**DATA FOR ANALYSIS**.
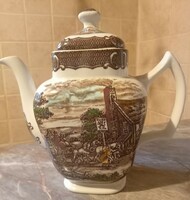 Wood and sons English teapot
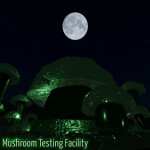 Mushroom Testing Facility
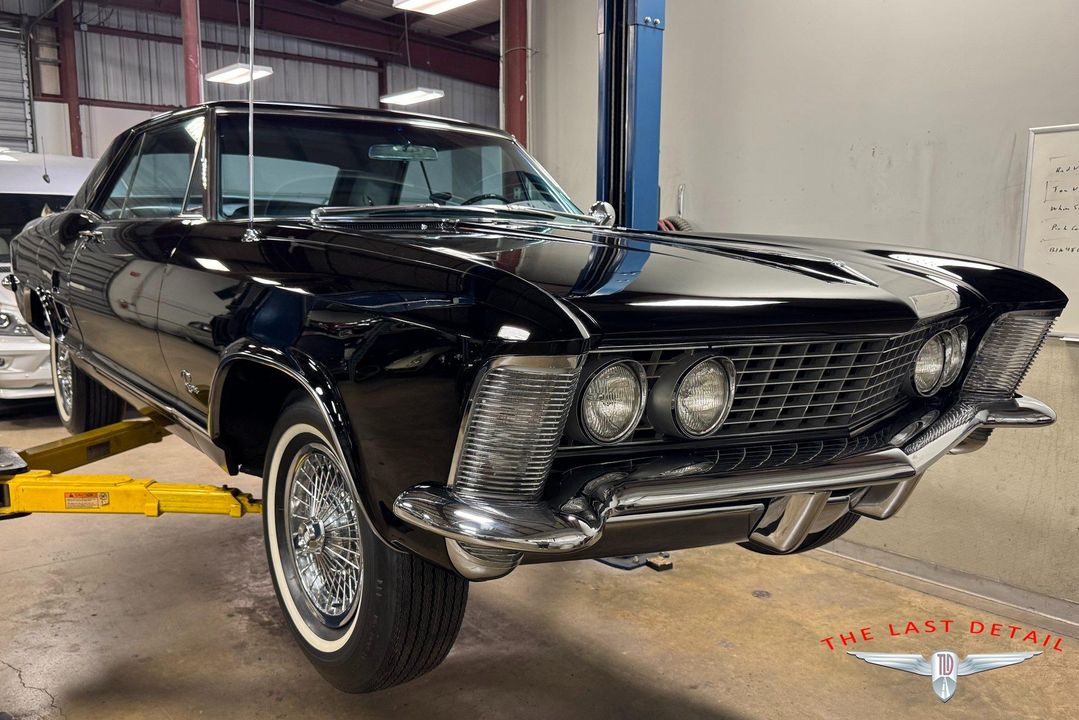 1963 Buick Riviera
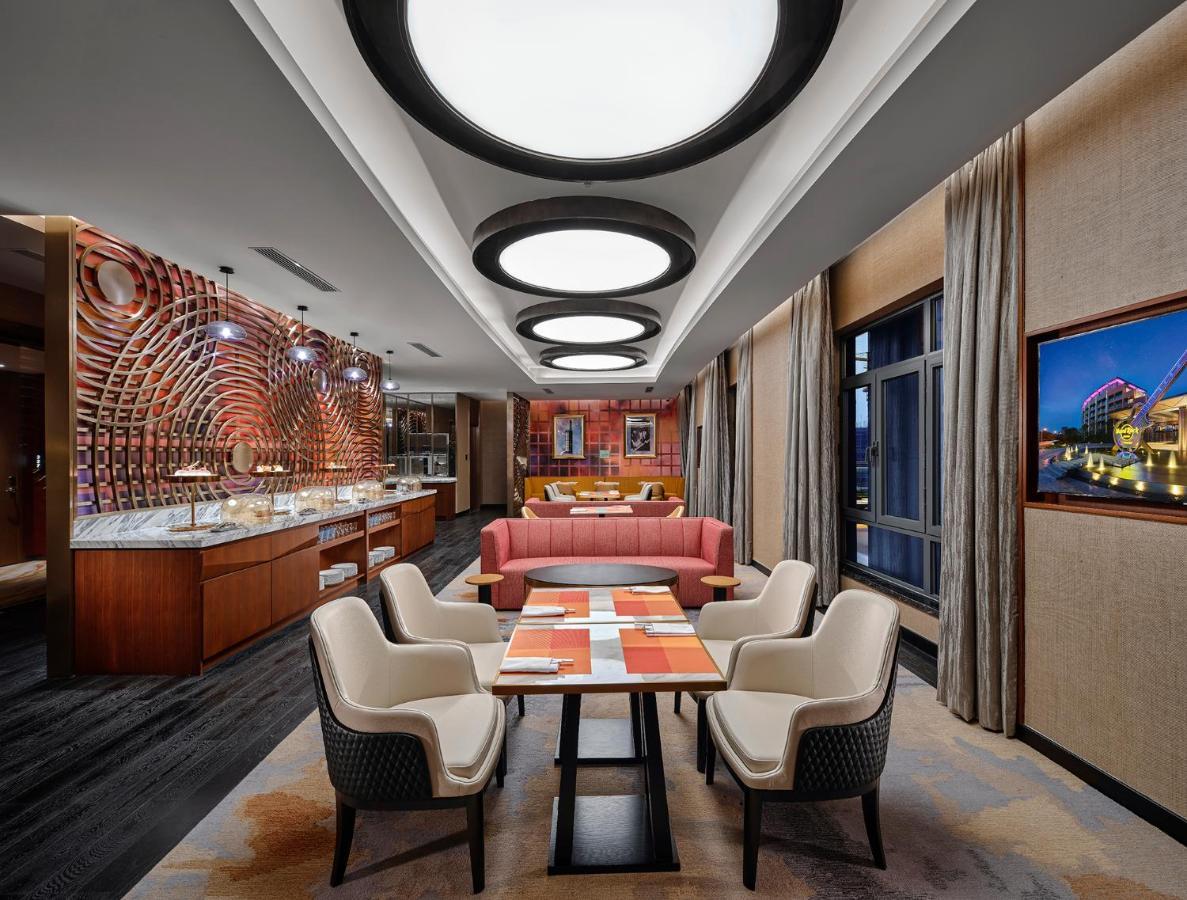 Hard Rock Hotel Dalian Zewnętrze zdjęcie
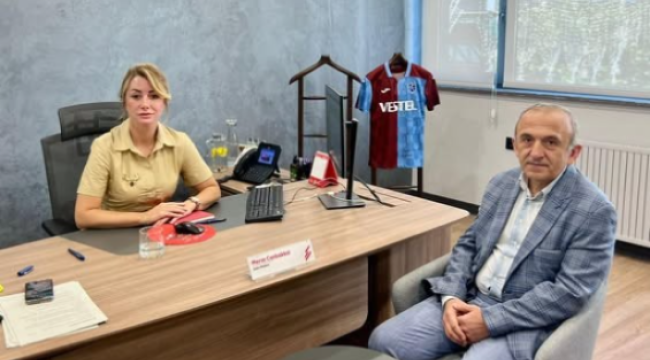 Ziyarette ortak işbirliği ele alındı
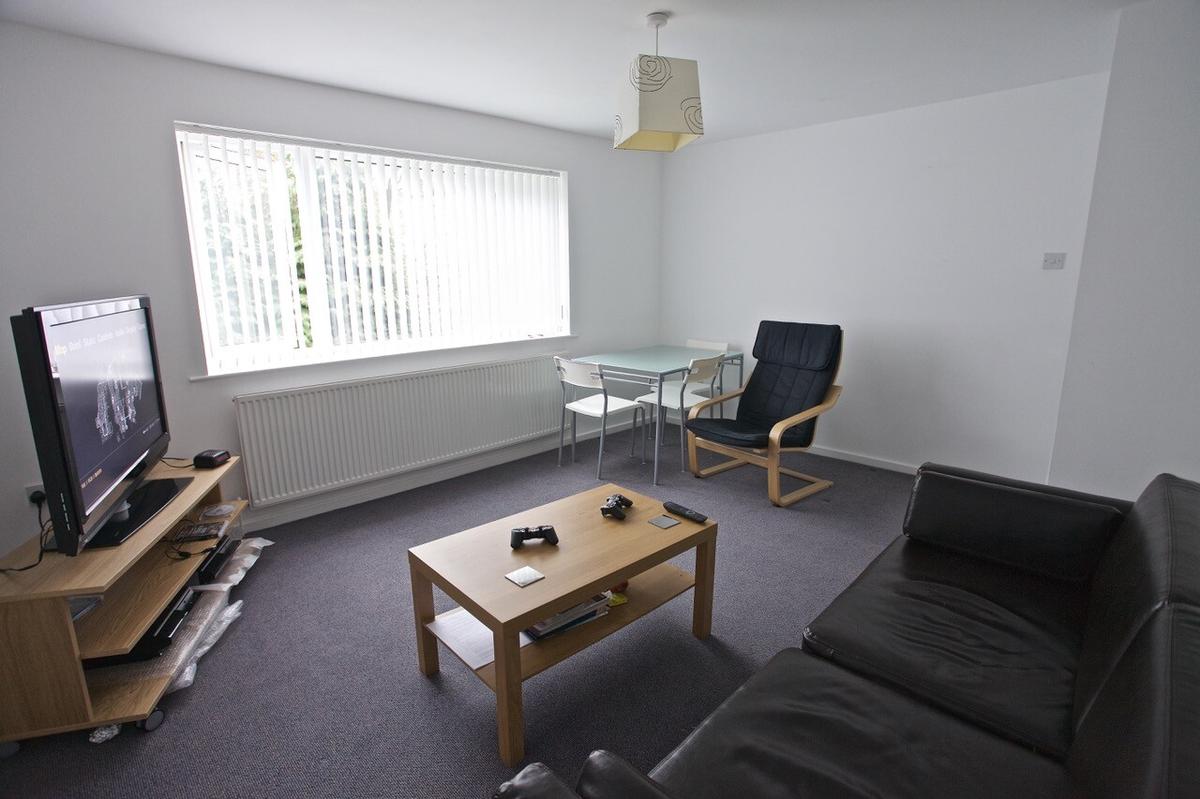 3 bedroom apartment for rent Wilkinson Street Sheffield, S10 2GB UniHomes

**WORK ORDER**. Pictures are to be left out when the lines from the one containing "1963 Buick Riviera" through the end of the records above are repeated exactly; no other line is wanted.

**ANSWER FOR THE TASK**.
 1963 Buick Riviera
 Hard Rock Hotel Dalian Zewnętrze zdjęcie
 Ziyarette ortak işbirliği ele alındı
 3 bedroom apartment for rent Wilkinson Street Sheffield, S10 2GB UniHomes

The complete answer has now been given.